Eine Sonderkommission stellte fest, dass die Backware statt den festgelegten 80 in manchen Fällen nur 60 Gramm wiegt, zudem wurden die hygienischen Verhältnisse in den Bäckereien kritisiert.

Der Wirtschaftsjournalist Ariel Terrero nennt dies eine "exzellente Neuigkeit", denn die Rückkopplung zwischen Konsumtion und Produktion werde dadurch auch im Kerngebiet der Grundversorgung enger. Staatliche Bäckereien könnten in Kooperativen überführt werden, was ihre Wettbewerbsfähigkeit erhöhe und für die Kunden ein besseres Angebot bedeute, so Terrero.

Auch auf dem Arbeitsmarkt macht sich die Neuordnung bemerkbar: Wie der Vizepräsident des Ministerrats sowie Mitglied des Staatsrats, Marino Murillo, informierte, haben sich in den letzten Wochen mehr als 29.000 Personen bei den Arbeitsämtern gemeldet, rund die Hälfte konnte vermittelt werden.

Ein Ziel der Reformen ist es, die Anreize zur Aufnahme einer Arbeit zu erhöhen und den Lohn wieder zur Haupteinkommensquelle zu machen. Bisher gehen auf Kuba nur rund 64 Prozent der Bevölkerung im erwerbsfähigen Alter einer offiziellen Beschäftigung nach. Um die Vermittlung von Stellen zu beschleunigen, wird das Arbeitsministerium am 28. Januar eine neue App an den Start bringen, welche sowohl für den Staats- als auch den Privatsektor als digitale Jobbörse funktionieren soll.

Mittelfristig dürfte der Anstieg der Beschäftigungsquote jedoch nur durch die angestrebte Erweiterung des Privatsektors zu bewältigen sein, da viele Staatsunternehmen mit dem neuen Wechselkurs zunächst in finanzielle Schieflage geraten könnten. Die bisherige Liste von erlaubten Berufen im Privatsektor soll durch eine Negativliste abgelöst werden, zudem sollen sich kleine und mittlere Unternehmen auch im nichtstaatlichen Bereich gründen dürfen.

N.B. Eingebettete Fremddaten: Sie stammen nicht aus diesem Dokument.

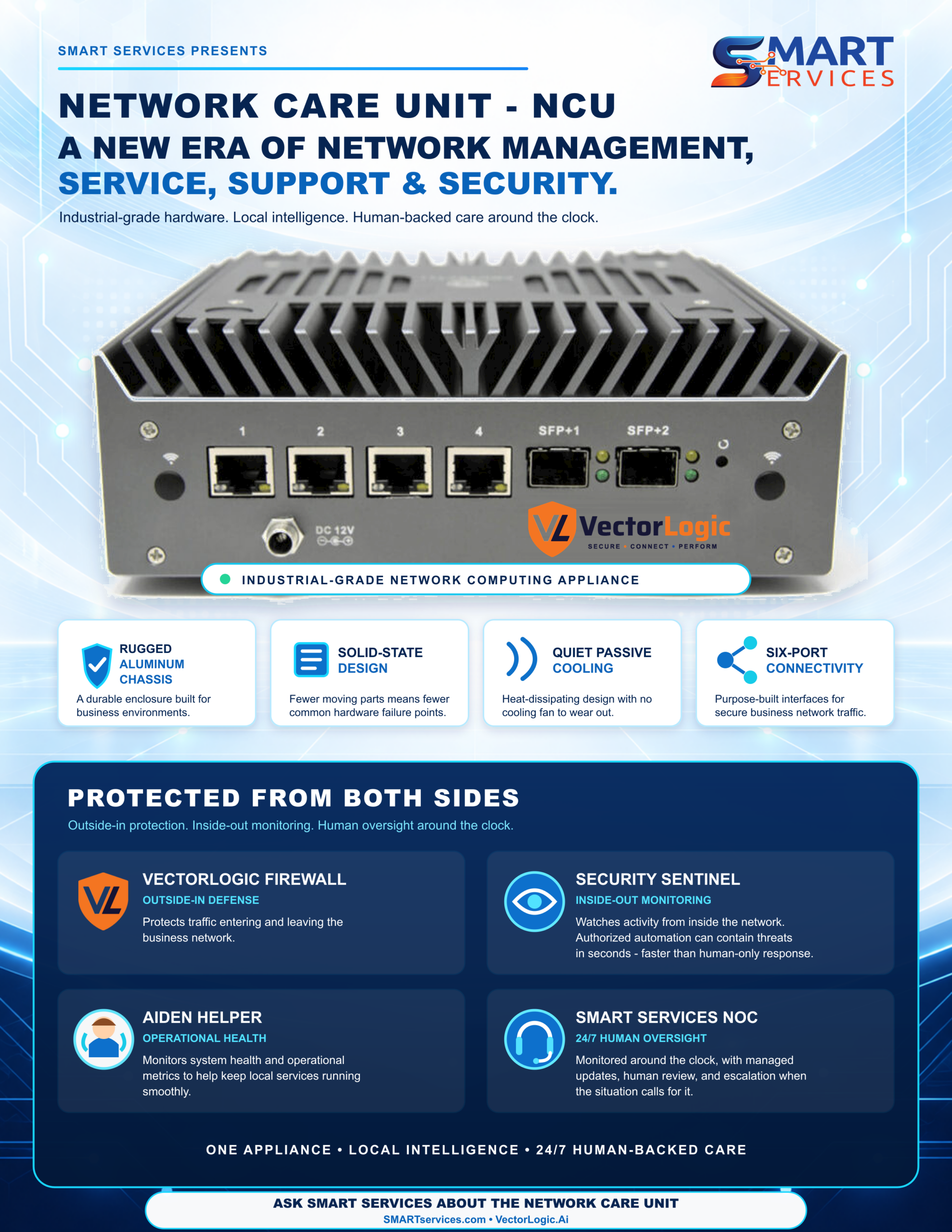 Preview of the NCU hardware overview flyer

Zwei Arbeitswochen nach Beginn der Währungsreform deuten sich bereits viele Prozesse an, die im Vorfeld genau so erwartet wurden: Die Anreize zur Aufnahme einer Arbeit steigen, gleichzeitig müssen Staatsunternehmen kompetitiver agieren, um in dem neuen Umfeld bestehen zu können. Die Kosten für Ineffizienz werden nicht mehr vom Staatshaushalt übernommen, zugleich können diese auch nicht an die begrenzte Kaufkraft der Verbraucher weitergegeben werden. Chancen tun sich über die Verzahnung mit dem Privatsektor auf, der im neuen Modell eine größere Rolle einnehmen soll.

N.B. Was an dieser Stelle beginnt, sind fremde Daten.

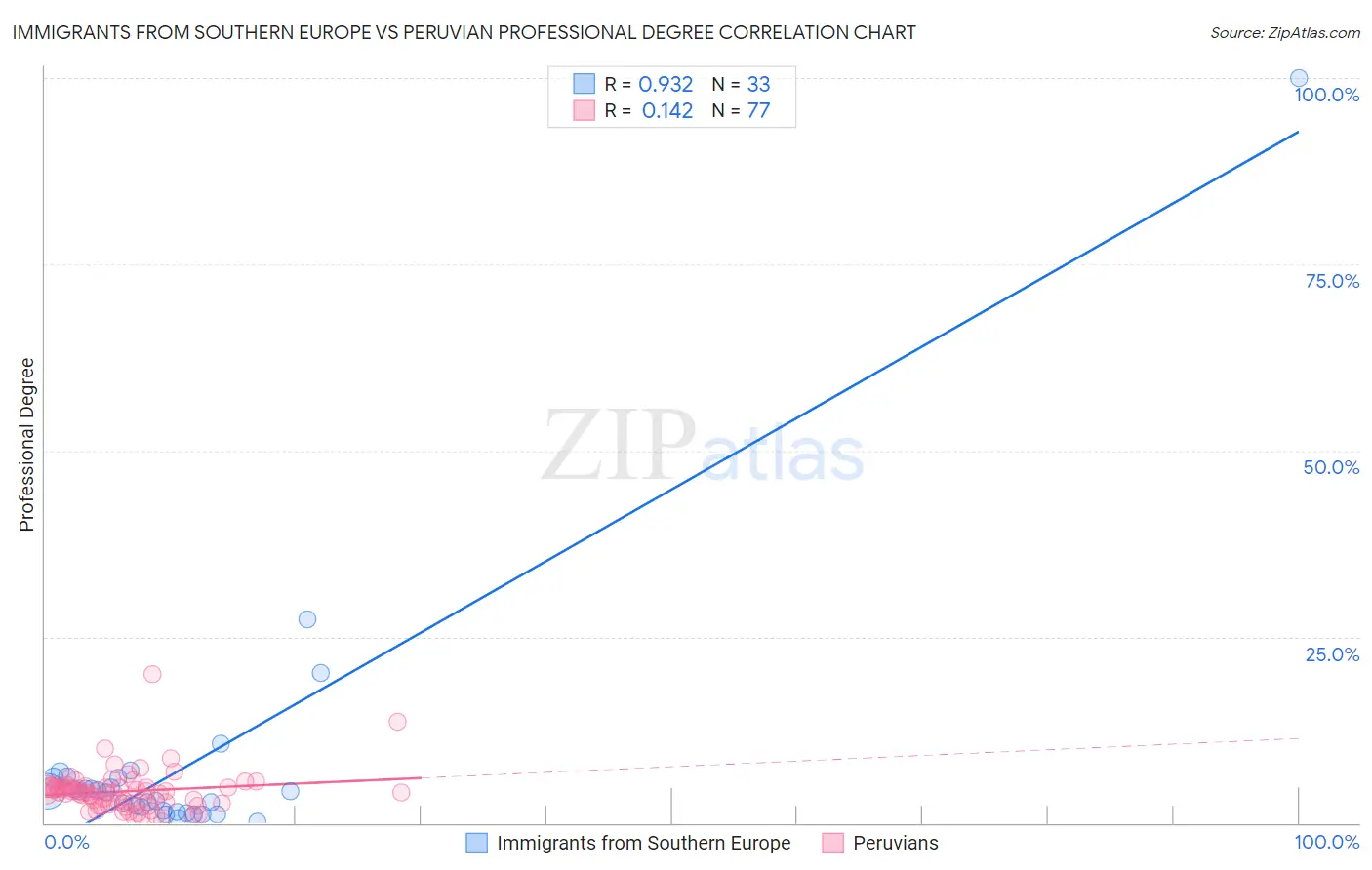Immigrants from Southern Europe vs Peruvian Professional Degree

Dass sich die Inflation trotz der äußerst schlechten Rahmenbedingungen (Pandemie, 11-prozentige Rezession im Jahr 2020 und neue Sanktionen) bisher in Grenzen hält, darf als gutes Zeichen gewertet werden. Eine Verbesserung der Versorgungslage wird neben der Lockerung der US-Blockade jedoch nicht zuletzt von der erfolgreichen Umsetzung der im vergangenen November angekündigten Landwirtschaftsreform abhängen.